Reproduce the data below in full and exclude every picture.

▸ RECORD EXTRACTS:
=== Section Start ===

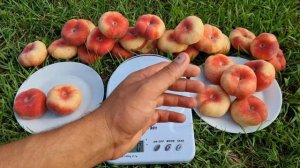 Персик Сатурн !!! Peach Saturn !!!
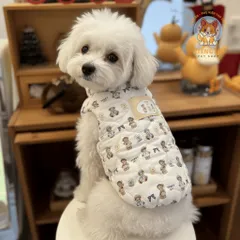 Áo Khoác Teddy Bear lót lông (Tặng kẹp nơ) cho thú cưng - Áo, váy cho chó mèo, thú cưng - Ziềng iu Petshop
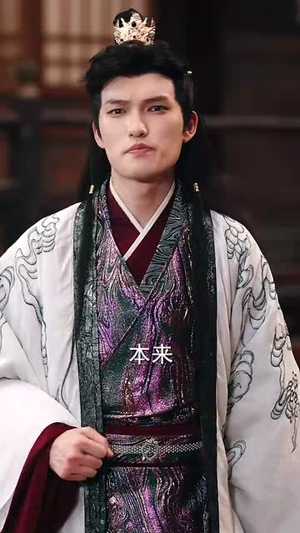 街边炒粉天下尊我为暗皇（70集）高分推荐免费看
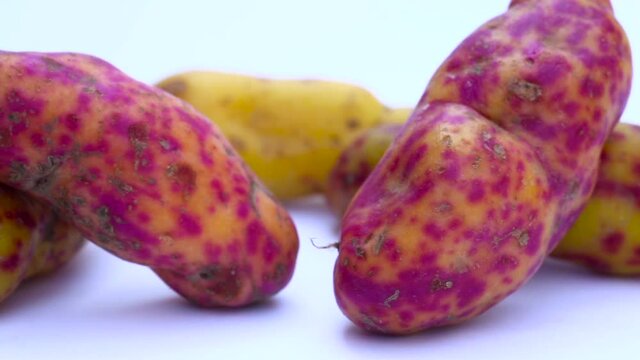 Olluco (Ullucus tuberosus), a exotic and colorful root crop from the Andean, used as food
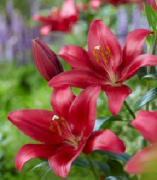 Bourbon Street Koyu Pembe Lilium Zambak Soğanı (1 Soğan)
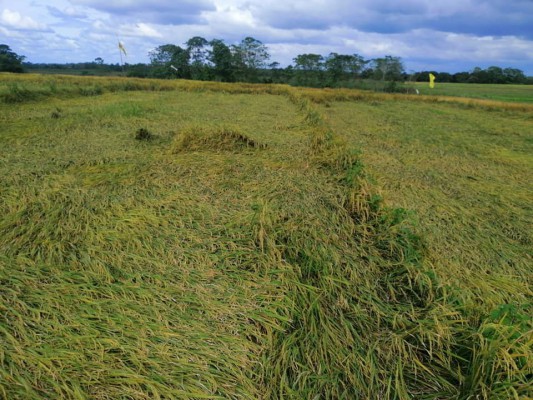 Rice field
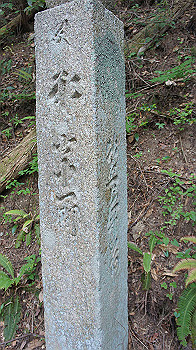 dsc00420_thumb.jpg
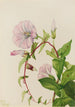 Honeysuckle of the hedgerows Calystegia Convolvulus sepium - Mary Vaux Walcott — artwork view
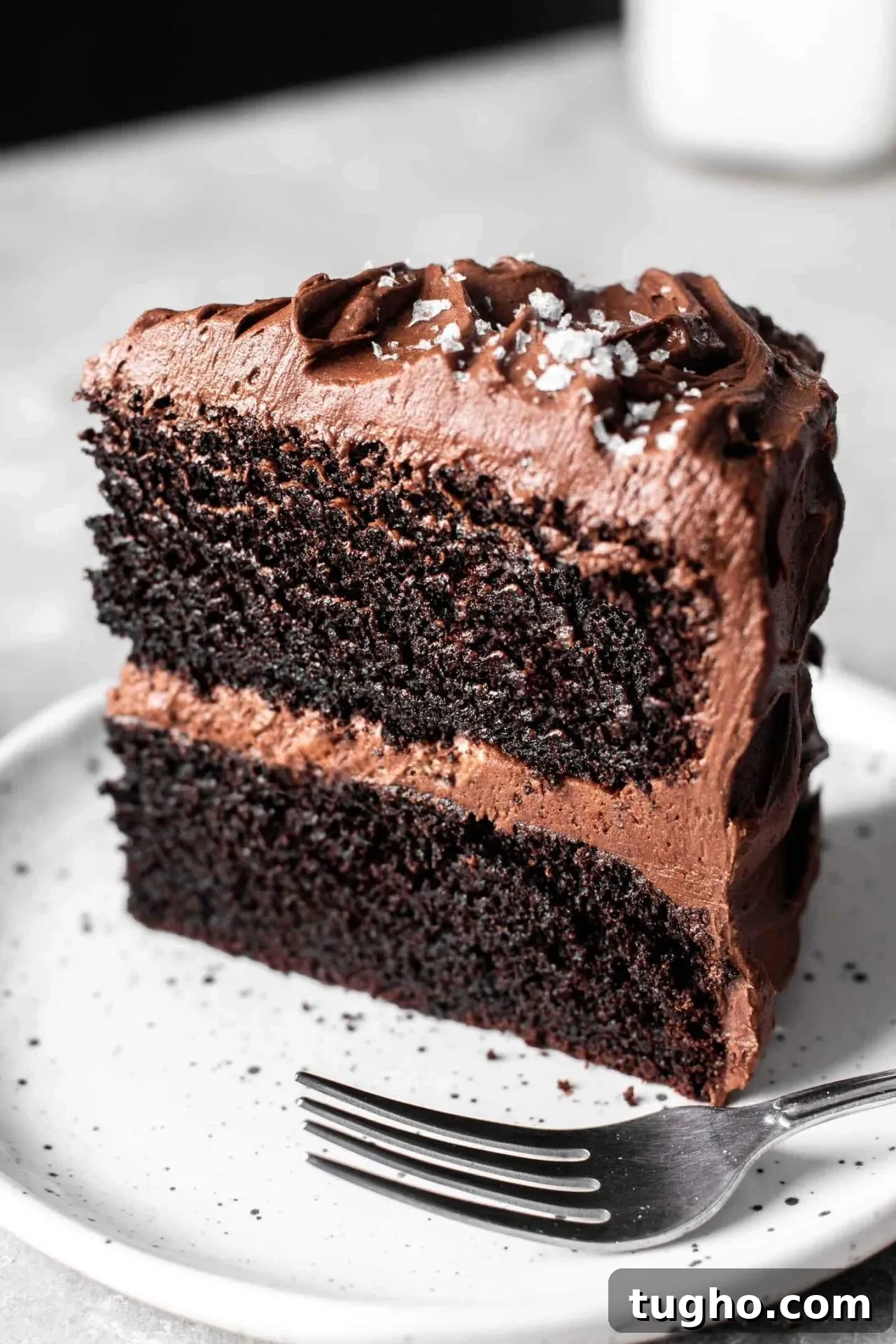 Fudgy Gluten Free Chocolate Cake Recipe 2 gluten free chocolate cake slice in plate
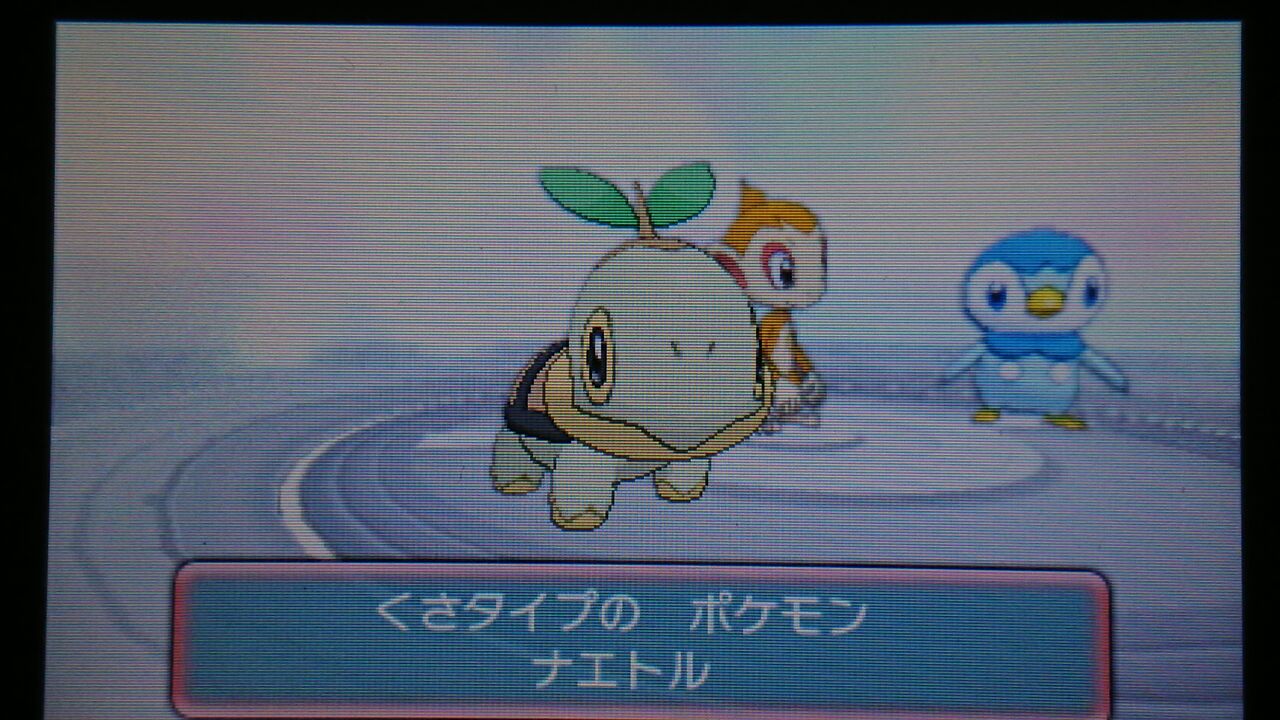 ポケモンoras 余裕だと思っていました 終花みずきのゲーム日和2nd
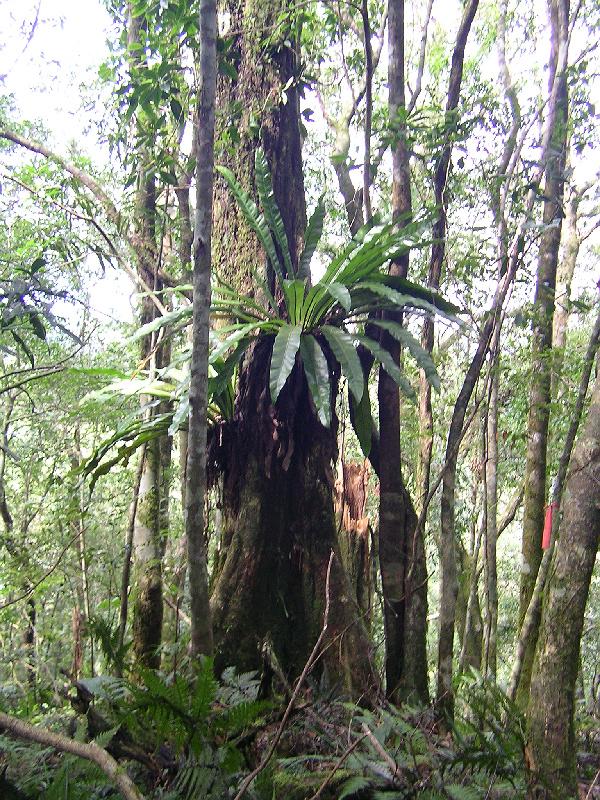 SANYO DIGITAL CAMERA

=== Section End ===

▸ OUTPUT OF THE TASK:
 Персик Сатурн !!! Peach Saturn !!!
 Áo Khoác Teddy Bear lót lông (Tặng kẹp nơ) cho thú cưng - Áo, váy cho chó mèo, thú cưng - Ziềng iu Petshop
 街边炒粉天下尊我为暗皇（70集）高分推荐免费看
 Olluco (Ullucus tuberosus), a exotic and colorful root crop from the Andean, used as food
 Bourbon Street Koyu Pembe Lilium Zambak Soğanı (1 Soğan)
 Rice field
 dsc00420_thumb.jpg
 Honeysuckle of the hedgerows Calystegia Convolvulus sepium - Mary Vaux Walcott — artwork view
 Fudgy Gluten Free Chocolate Cake Recipe 2 gluten free chocolate cake slice in plate
 ポケモンoras 余裕だと思っていました 終花みずきのゲーム日和2nd
 SANYO DIGITAL CAMERA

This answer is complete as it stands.